ASSIGNED TASK:
Write out exactly, please, the lines from the one containing "Car washing Cleaning" to the end of the material.

*** Opening DATA EXTRACTS ***

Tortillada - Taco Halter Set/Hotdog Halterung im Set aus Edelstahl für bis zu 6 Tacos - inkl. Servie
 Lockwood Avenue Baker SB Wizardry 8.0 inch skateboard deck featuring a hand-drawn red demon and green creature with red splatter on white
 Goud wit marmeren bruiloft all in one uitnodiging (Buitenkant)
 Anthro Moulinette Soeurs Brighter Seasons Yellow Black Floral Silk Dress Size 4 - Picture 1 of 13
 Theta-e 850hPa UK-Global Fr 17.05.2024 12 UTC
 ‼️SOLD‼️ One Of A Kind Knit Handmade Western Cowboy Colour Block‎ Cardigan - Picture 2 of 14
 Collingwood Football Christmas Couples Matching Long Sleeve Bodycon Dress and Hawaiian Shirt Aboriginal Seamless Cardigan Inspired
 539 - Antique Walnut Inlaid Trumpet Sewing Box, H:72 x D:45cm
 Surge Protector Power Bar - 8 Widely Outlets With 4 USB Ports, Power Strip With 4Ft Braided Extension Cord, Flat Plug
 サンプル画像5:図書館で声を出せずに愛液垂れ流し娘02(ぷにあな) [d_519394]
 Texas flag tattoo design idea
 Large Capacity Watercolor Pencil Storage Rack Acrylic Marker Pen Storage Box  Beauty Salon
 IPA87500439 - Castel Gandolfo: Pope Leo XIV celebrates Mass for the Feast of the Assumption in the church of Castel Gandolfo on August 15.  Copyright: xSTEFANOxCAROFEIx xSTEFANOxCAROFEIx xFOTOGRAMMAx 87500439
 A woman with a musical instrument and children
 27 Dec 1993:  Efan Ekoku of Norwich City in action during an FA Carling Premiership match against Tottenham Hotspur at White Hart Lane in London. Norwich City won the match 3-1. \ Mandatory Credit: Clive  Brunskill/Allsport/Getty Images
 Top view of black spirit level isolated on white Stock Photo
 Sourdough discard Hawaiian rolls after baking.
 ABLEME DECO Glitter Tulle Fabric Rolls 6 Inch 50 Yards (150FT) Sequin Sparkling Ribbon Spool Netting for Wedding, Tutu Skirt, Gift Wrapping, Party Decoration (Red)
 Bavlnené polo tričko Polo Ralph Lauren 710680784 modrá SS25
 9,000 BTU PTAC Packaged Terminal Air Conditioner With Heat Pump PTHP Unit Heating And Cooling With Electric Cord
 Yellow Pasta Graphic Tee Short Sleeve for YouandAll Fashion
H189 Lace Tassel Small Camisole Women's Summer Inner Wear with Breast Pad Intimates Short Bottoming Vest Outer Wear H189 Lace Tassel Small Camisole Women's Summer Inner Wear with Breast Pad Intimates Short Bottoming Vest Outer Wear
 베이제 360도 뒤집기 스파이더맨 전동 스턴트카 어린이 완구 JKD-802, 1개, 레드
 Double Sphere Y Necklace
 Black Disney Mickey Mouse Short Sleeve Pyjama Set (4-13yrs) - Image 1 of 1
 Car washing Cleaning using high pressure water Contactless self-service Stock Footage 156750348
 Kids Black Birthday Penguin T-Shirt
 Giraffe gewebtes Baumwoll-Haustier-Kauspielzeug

*** Closing DATA EXTRACTS ***

ANSWER TO THIS TASK:
 Car washing Cleaning using high pressure water Contactless self-service Stock Footage 156750348
 Kids Black Birthday Penguin T-Shirt
 Giraffe gewebtes Baumwoll-Haustier-Kauspielzeug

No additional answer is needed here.